Um vídeo publicado pelo fotógrafo e jornalista Diego Gurgel, na terça-feira (2), repercutiu nas redes sociais após o pai denunciar supostos episódios de preconceito contra o filho José, de 8 anos, diagnosticado com autismo nível 3 de suporte e trissomia do braço curto do cromossomo 20. O caso ocorreu em uma escola particular de Rio Branco.
Segundo Diego, ele recebeu prints de conversas nos quais uma responsável demonstrava incômodo com a presença de alunos atípicos na unidade de ensino. O pai disse que a situação o motivou a gravar o desabafo para defender o filho e abordar a inclusão de crianças com deficiência no ambiente escolar.
De acordo com ele, José estuda na instituição desde a educação infantil e conta com acompanhamento adequado durante as atividades escolares. O pai também afirma que o filho mantém boa convivência com os colegas.

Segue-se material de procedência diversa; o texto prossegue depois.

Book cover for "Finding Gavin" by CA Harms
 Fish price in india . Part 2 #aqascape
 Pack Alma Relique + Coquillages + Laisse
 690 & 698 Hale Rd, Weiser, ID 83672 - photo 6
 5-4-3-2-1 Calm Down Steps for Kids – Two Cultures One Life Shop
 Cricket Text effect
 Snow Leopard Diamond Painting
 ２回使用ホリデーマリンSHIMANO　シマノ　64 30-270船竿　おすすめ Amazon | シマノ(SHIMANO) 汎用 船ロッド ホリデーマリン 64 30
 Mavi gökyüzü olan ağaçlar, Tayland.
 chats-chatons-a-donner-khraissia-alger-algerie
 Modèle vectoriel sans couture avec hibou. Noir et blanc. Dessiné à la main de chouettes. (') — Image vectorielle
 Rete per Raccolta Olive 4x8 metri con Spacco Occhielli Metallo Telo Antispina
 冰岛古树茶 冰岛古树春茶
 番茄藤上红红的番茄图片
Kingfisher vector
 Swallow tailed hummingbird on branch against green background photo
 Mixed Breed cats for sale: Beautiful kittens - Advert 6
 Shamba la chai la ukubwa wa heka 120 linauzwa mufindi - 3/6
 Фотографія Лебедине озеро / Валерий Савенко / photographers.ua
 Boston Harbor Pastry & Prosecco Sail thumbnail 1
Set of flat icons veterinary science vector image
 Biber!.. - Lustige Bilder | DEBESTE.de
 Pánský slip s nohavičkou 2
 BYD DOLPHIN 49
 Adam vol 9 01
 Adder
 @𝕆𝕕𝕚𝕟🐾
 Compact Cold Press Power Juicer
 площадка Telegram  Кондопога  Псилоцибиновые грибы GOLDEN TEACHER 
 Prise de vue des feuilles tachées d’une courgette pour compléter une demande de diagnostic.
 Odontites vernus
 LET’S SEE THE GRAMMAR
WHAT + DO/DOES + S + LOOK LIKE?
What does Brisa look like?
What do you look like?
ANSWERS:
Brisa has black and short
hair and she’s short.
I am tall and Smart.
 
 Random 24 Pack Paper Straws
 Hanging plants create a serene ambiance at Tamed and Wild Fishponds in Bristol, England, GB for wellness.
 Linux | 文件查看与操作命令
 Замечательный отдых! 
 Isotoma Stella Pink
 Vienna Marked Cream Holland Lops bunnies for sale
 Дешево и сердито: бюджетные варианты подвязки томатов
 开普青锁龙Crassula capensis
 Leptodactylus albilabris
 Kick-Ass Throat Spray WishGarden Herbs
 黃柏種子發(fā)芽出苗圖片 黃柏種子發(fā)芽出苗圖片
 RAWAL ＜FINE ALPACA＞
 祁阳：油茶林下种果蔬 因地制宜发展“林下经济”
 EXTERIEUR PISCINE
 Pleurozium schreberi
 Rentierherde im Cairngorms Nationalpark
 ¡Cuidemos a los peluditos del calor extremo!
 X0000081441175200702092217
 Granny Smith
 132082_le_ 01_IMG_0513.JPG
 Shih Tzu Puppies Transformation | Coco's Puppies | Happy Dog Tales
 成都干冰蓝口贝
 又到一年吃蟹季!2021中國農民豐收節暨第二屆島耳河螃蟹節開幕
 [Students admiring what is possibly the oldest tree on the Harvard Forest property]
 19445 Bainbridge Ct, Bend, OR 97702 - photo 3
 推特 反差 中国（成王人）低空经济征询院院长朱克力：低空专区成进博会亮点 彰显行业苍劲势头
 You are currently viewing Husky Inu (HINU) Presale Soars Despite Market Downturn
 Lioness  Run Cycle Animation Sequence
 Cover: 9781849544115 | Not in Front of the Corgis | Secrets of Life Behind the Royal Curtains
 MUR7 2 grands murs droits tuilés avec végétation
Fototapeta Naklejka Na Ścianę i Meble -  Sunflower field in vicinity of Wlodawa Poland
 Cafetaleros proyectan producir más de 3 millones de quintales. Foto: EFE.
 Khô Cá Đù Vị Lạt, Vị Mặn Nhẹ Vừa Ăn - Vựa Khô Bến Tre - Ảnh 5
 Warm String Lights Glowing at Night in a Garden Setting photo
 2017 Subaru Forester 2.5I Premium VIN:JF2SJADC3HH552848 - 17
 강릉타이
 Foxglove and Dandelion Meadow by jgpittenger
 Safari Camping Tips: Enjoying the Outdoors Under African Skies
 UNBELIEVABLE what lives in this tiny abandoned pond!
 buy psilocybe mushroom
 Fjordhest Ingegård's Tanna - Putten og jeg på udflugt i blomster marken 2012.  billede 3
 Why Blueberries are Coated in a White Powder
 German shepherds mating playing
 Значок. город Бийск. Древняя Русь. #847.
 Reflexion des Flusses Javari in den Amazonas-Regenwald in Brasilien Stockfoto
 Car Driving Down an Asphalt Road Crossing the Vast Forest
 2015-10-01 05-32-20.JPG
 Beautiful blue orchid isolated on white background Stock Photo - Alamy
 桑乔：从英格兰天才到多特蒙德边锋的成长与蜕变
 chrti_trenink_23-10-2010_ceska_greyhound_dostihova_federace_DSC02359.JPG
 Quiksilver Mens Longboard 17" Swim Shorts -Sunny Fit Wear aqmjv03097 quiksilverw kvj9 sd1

Ao longo do vídeo, Diego direciona críticas aos responsáveis que, segundo ele, demonstraram insatisfação com a presença de crianças atípicas na escola. Para o pai, o contato entre alunos com diferentes características contribui para a formação social das crianças.
“A presença do meu filho na sala de aula dos filhos de vocês vai fazer com que eles aprendam a ser pessoas mais tolerantes, melhores seres humanos, a entender como funciona a sociedade, que ela é plural, feita de pessoas diferentes. O meu filho não vai atrapalhar o seu filho a se formar na profissão que você sonha”, declarou.
O fotógrafo também afirmou que o filho não apresenta comportamentos que comprometam o andamento das aulas ou coloquem outras crianças em risco. Segundo ele, José possui acompanhamento de uma mediadora e recebe suporte da escola.
“O problema não é o José, e o problema não é o incômodo das crianças, porque as crianças adoram o José, cuidam do José, levam histórias para casa todos os dias. O José tem mediadora na sala de aula para cuidar desses assuntos. O meu filho é indefeso contra o preconceito de vocês”.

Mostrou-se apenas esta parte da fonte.